La ferme où dormit Nietzsche Escapade paisible sur les hauteurs de l’Inn

Vnà est un petit village au-dessus de Ramosch. S’y aventurer permet de trouver un calme reposant, un hébergement hors du commun et un paysage ayant inspiré philosophes et chefs d’orchestre.

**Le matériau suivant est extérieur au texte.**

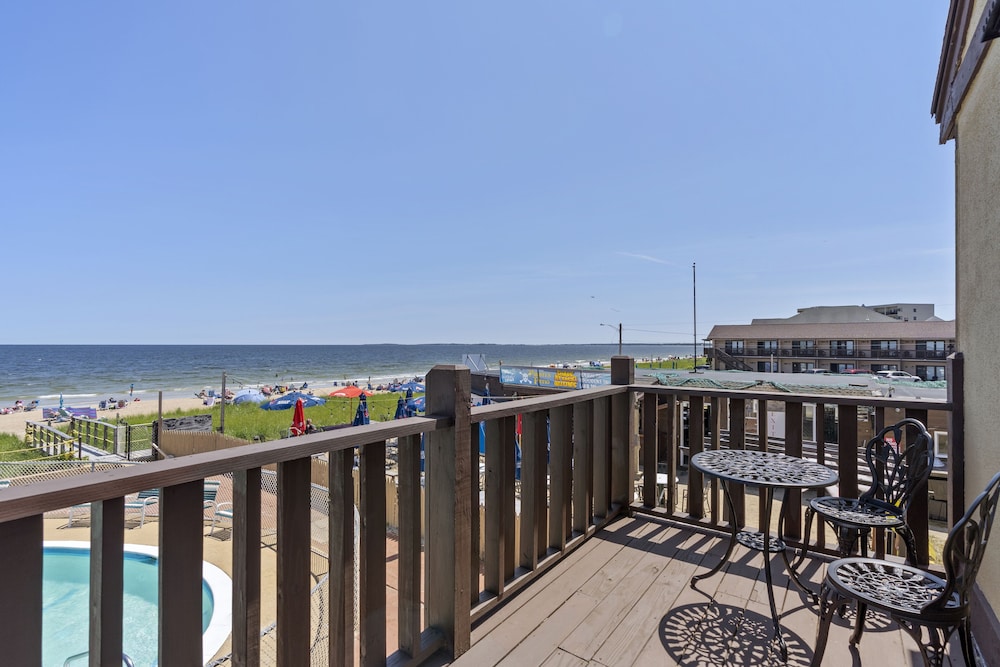 Pool Front Balcony with Kitchenette photo 1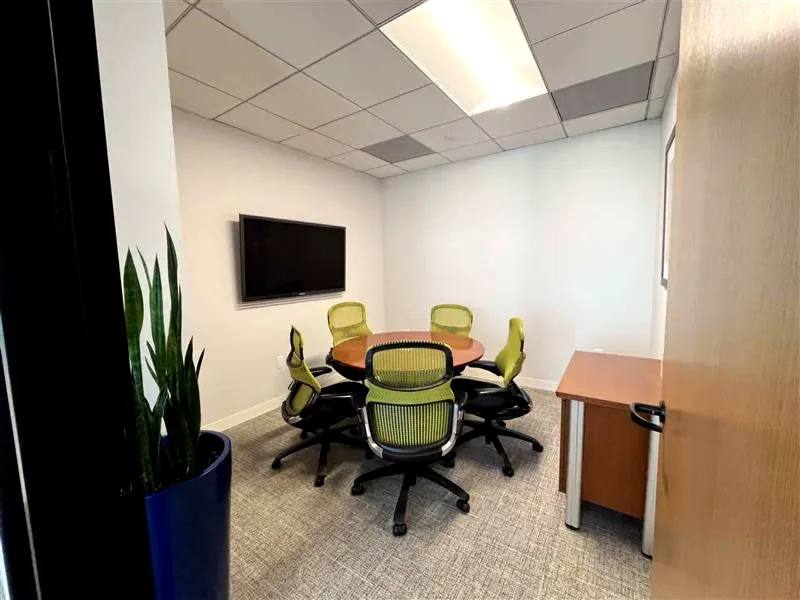 Intimate Meeting Room for Events in Financial in San Francisco - Gallery image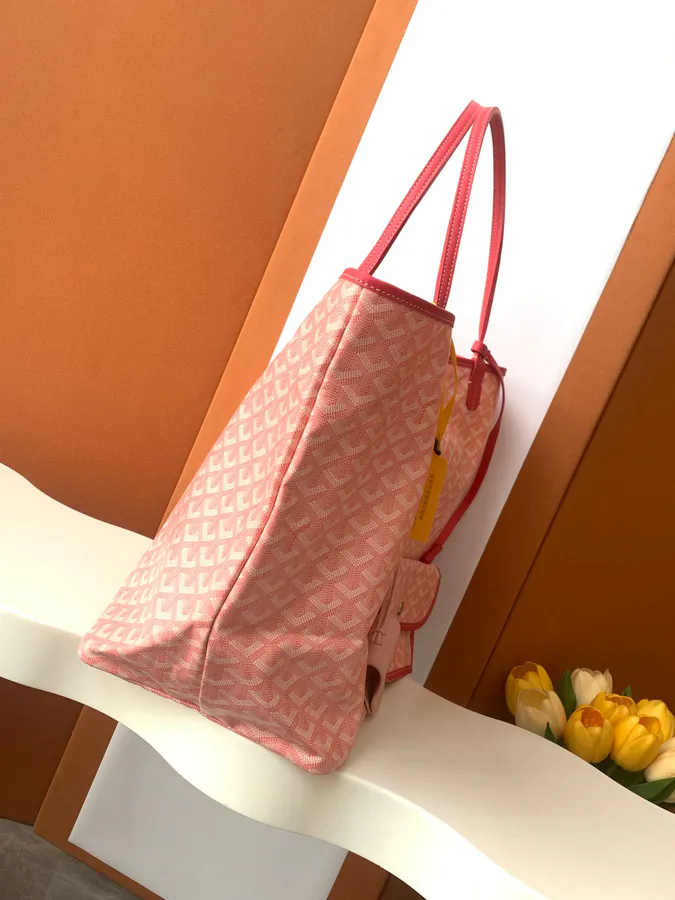 2018 Isetan Limited Edition Saint Louis Large Tote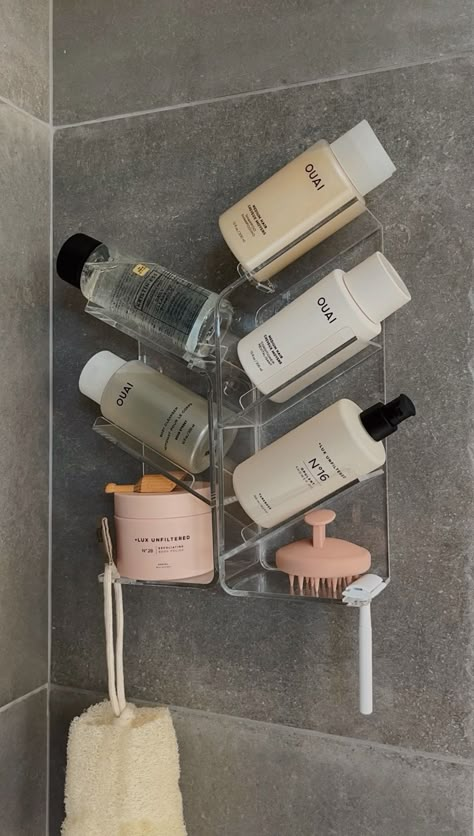 Shower Aesthetic Decor, Bathroom Accessories Aesthetic, Bathroom Makeup Organization, Amazon Home Must Haves, Shampoo Holder, Amazon Bathroom, Acrylic Bathroom, Home Decor Amazon, Clear Shampoo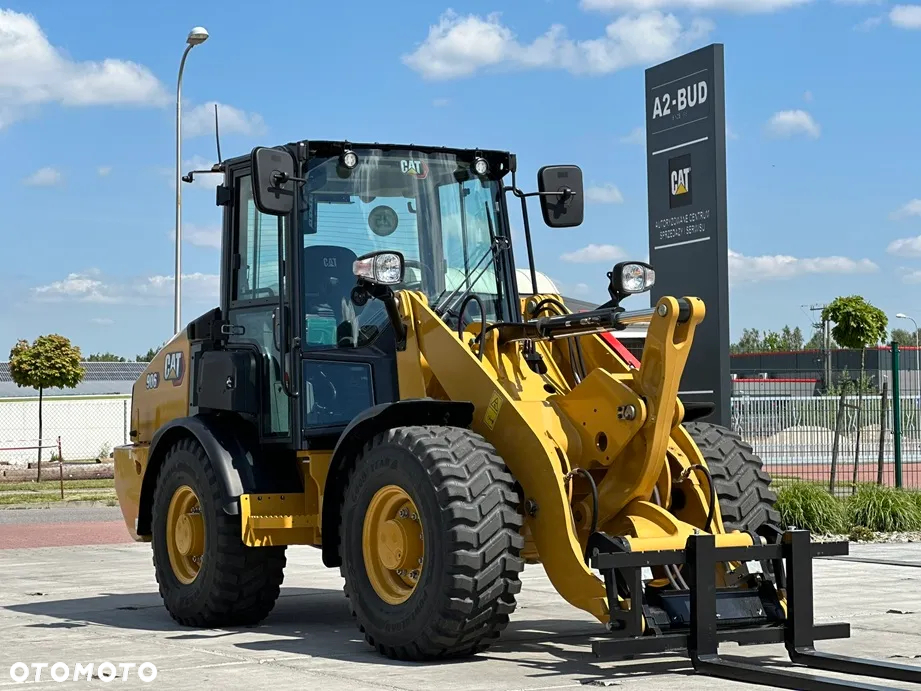 Caterpillar 906 - 4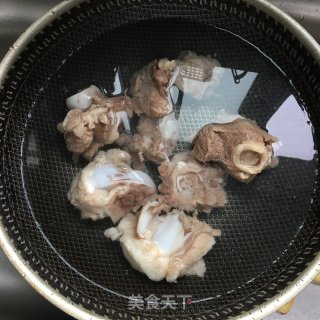 大骨汤的做法步骤：2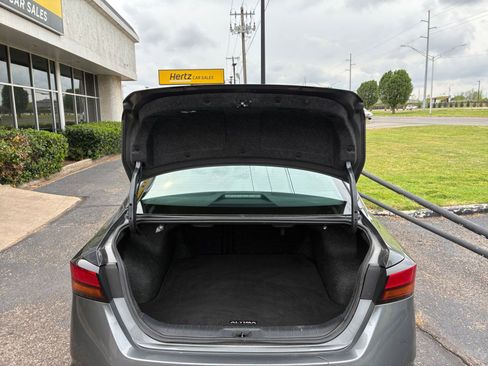 Used 2025 Nissan Altima 2.5 SV image 31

Le village engadinois de Vnà est un bijou haut perché sur l’adret ensoleillé de l’Inntal. Il est connu par le projet hôtelier «Village-Hôtel Vnà» et pour les inscriptions en romanche qui ornent les façades avec leur traduction en trois langues. C’est le point de départ de deux courses à raquettes et d’une course à skis qui font tomber les frontières pour pénétrer dans une nouvelle dimension. Le premier itinéraire monte en bordant une zone de tranquillité pour la faune et conduit à l’Alp Discholas. Les traces de raquettes et d’animaux s’entrecroisent. Au-delà des clairières, le regard porte sur la haute vallée de l’Inn en Autriche.

 

Déboussolantes, les montagnes de l’Ötztal

Sur l’Alp Discholas, recouverte d’un épais manteau blanc, la vue sur les sommets de l’Ötztal vient troubler le sens de l’orientation. S’ils fascinent par leur beauté, ils représentent l’inconnu pour le randonneur venu de loin. Le trouble s’accentue encore à mesure que l’on monte, de préférence à skis, en direction du Piz Arina. Peu à peu, de nouveaux sommets se dévoilent. La carte de randonnée à skis aide tout de même à se repérer, en dévoilant des noms tels que Stammerspitz, Vesilspitze ou Piz Mottana. Pour atteindre ces sommets, il faudrait monter du Tyrol à la Heidelbergerhütte ou prolongerle tour de la Silvretta de deux ou trois étapes. Mais rares sont ceux qui tentent cette aventure. Du côté suisse, c’est en effet la région de Scuol qui absorbe la plupart des amateurs de sports d’hiver. Voilà le cadre paysager d’une région qui mène une existence de niche à la périphérie de la Suisse.

 

Nature pure à la ferme muette

Si cette situation est difficile pour l’hôtellerie, elle réjouit les randonneurs à raquettes et à skis, qui trouvent ainsi neige vierge et calme sans pareils. Il en va de même pour une escapade au cœur du Val Sinestra, où la route d’alpage devient un chemin de randonnée ensoleillé en hiver. On la quitte pour continuer tout droit dès qu’elle disparaît dans la forêt. Peu après, on aperçoit les mayens de Pra San Peder. San Peder ou saint Pierre, patron de la météo outre-Sarine, se montre bienveillant à l’égard du Val Sinestra en déversant sur lui suffisamment de précipitations pour constituer un épais manteau neigeux. Dans ce «paysage de l’année 2011», les chanceux verront peut-être les évolutions d’un gypaète barbu ou d’un aigle royal. Des mélèzes séculaires gémissent sous le poids de la neige. Au loin, on voit apparaître au fond de la vallée un hameau orphelin perdu dans la blancheur immaculée. Il s’appelle «Hof Zuort», littéralement «ferme muette». D’autant plus grande est la surprise lorsque l’on tombe sur un cheval en s’approchant: même en hiver, cette ferme reculée n’est en rien muette. Des êtres humains habitent et cultivent ce coin perdu. Plus encore, le randonneur découvre une auberge dans l’ancien bâtiment de la douane situé avant le col du Fimber.

 

Une ferme poétique

Reconnaissant de la possibilité de se restaurer avec un plat chaud, le visiteur qui entre dans l’auberge est franchement ébloui: l’étonnant décor Belle Epoque de style tyrolien l’accueille avec brio. Nietzsche, qui est passé par là, a bien apprécié la paix et le bon lit dans la maisonnette où il a dormi. Willem Mengelberg, grand chef d’orchestre qui a dirigé durant 50 ans le renommé Orchestre Royal du Concertgebouw d’Amsterdam, est tombé amoureux de ce lieu. En 1920, il a acheté la ferme et y a fait construire une chapelle abritant un carillon hollandais. Sous la houlette du maître de maison actuel, des jeunes femmes vêtues de Dirndl (tenue traditionnelle bavaroise) servent un mélange réussi de spécialités tyroliennes et engadinoises. Désirez-vous des pizzoccheri aux bolets? Ou plutôt un Kaiserschmarren (crêpe de l’Empereur) accompagné d’une soupe aux Knödel?

C’est peut-être le contraste entre la traditionnelle ouverture au monde du Hof Zuort et l’isolement du Val Sinestra qui finit par troubler quelque peu le visiteur. Il incite celui-ci à repartir par la route des alpages, vers ce qu’on appelle aujourd’hui la «civilisation».